Access Services

It is mandatory for all businesses to ensure they provide reasonable access to disabled people – as detailed in the DDA.

Sounds complicated or costly?

It doesn’t have to be!

Richmond AID is the Strategic Lead for Physicial and Sensory Disability in the borough and has been providing expert advice on disability for 22 years. We offer access services for businesses and private companies designed to offer practical advice and low cost solutions.

Access Advice Service

As part of our aim to promote accessibility, we offer guidance on those services which are accessible. We operate an advice and information service which can be accessed on the phone, fax, email, or by visiting the Richmond AID office at the DAAC which is an accessible building. We have a dedicated Access Officer who is available to businesses and local traders for consultations on how to improve the accessibility of your business, premises and service.

What can we provide?

  • Full access audits on your premises
  • In-depth reports on how to improve your premises
  • Disability Awareness Training for your staff
  • Clear and simple advice on the DDA

What do you get?

  • Personal one-to-one service
  • Expert advice and information
  • A full report with simple, low-cost solutions tailored to your business
  • Follow up advice and after care
For more information contact Jamie Cutler on 020 8831 6072 or email at j.cutler@richmondaid.org.uk

Access Requirements

There are around 10 million disabled people living in the UK – all of whom are potential customers who can choose where to spend their money.

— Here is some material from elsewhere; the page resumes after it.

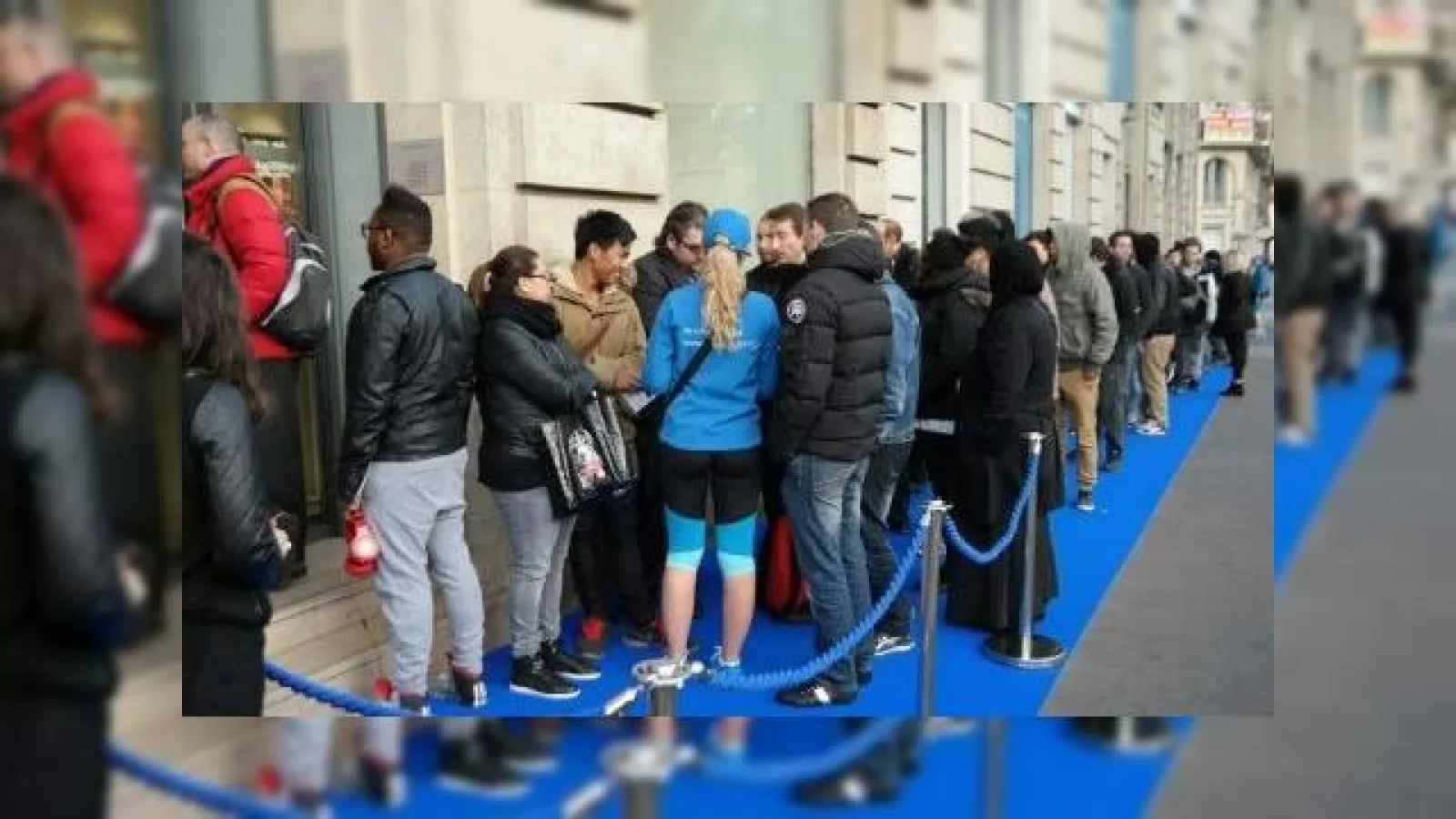 Cozi la Samsung Galaxy S5 și vânzări cu până la 100% mai mari decât la S4 În prima zi!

Disabled people spend around £50 billion a year on goods and services.

By improving access to goods, services, information and premises your business will be a more welcoming place for everyone: a positive approach to access will attract not only disable people but their friends, colleagues, carers and relatives. Many changes can be made to a premise or service that do not involve great effort or expense – contact us now for a consultation. Making some adjustments to your business environment or changing your business practices may be enough to make you compliant with the law and a more attractive business to new customers.

The Law

Since 1 October 1999 service providers have had to make ‘reasonable adjustments’ for disabled people, such as providing extra help or making changes to the way a service is delivered. Since 1 October 2004 the duties also require that service providers should make reasonable adjustments to ‘physical features’.

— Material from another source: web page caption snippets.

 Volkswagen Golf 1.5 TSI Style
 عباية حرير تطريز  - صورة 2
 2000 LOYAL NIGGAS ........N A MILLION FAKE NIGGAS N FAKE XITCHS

Disability Discrimination Act Explained

The Disability Discrimination Act was introduced to bring about systemic change, and to open up society to disabled people where before they were excluded.  Now upgraded to the Equality Act 2010, it  covers people who have or have had a disability, defined as…

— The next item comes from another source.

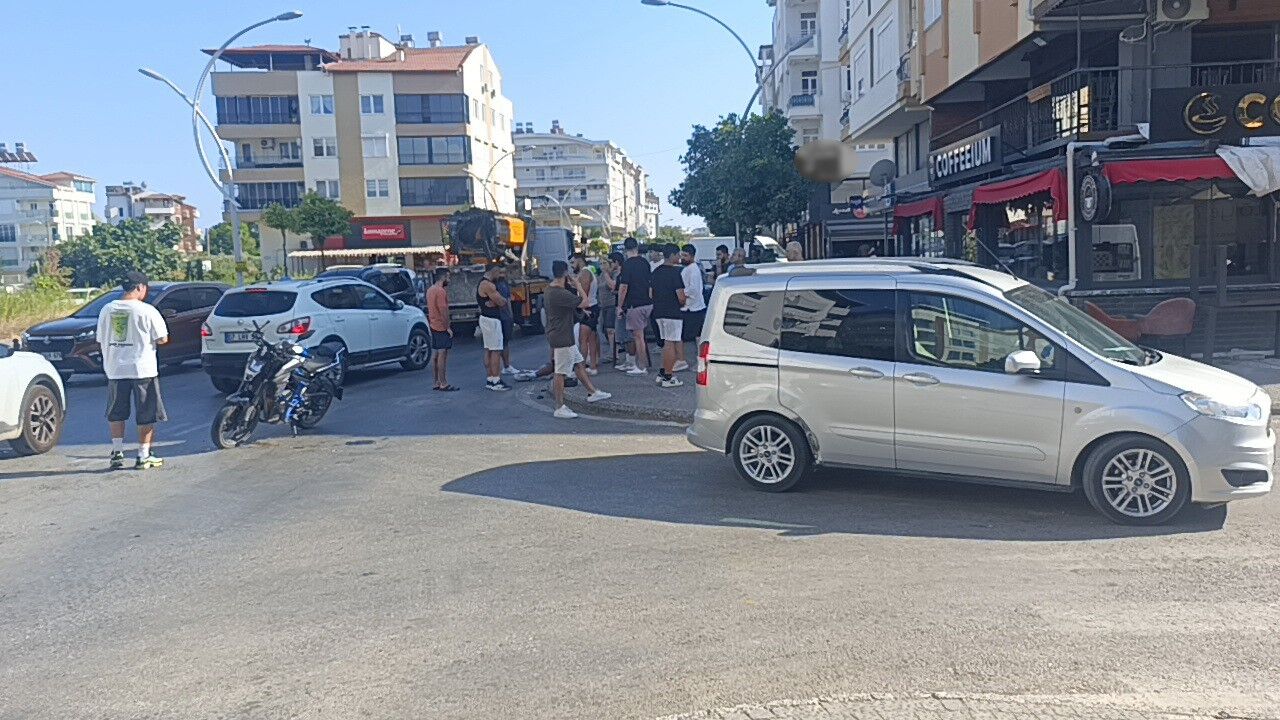 Antalya'da Motosikletle Hafif Ticari Araç Çarpıştı (1)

“a physical or mental impairment, which has a substantial and long term adverse effect on his ability to carry out normal day-to-day activities”.

For more information, please go to www.opsi.gov.uk/acts/acts1995/1995050.htm where you can find an online and a printable version of the Act.

Reasonable Adjustments

The duty to make reasonable adjustments is central to achieving the aim of opening up society to disabled people and creating an inclusive society and requires positive action to overcome the barriers that impede disabled people’s access.

The act gives a number of duties [to employers and providers of services], to:

  • change a practice, policy or procedure which makes it impossible or unreasonably difficult for disabled people to make use of its services
  • remove a[n obstructing] feature
  • alter it so that it no longer has that effect
  • provide a reasonable alternative method of making the service in question available to disabled persons
  • provide an auxiliary aid or service if it would enable (or make it easier for) disabled people to make use of its services

The policy of the Act is to…

“provide access to a service as close as it is reasonable possible to get to the standard normally offered to the public at large”

…and the policy is…

“not a minimalist policy of simply ensuring that some access is available to the disabled: it is so far as reasonably practicable, to approximate the access enjoyed by disabled persons to that enjoyed by the rest of the public.”

The Department of Works and Pensions has a checklist for businesses on their website – go to www.dwp.gov.uk/employers/dda

The fact a service is accessible in some way is not be enough to discharge the duty. The service provider should be able to show that the adjustments they have provided makes the service as accessible as is possible for disabled people as it is by non disabled.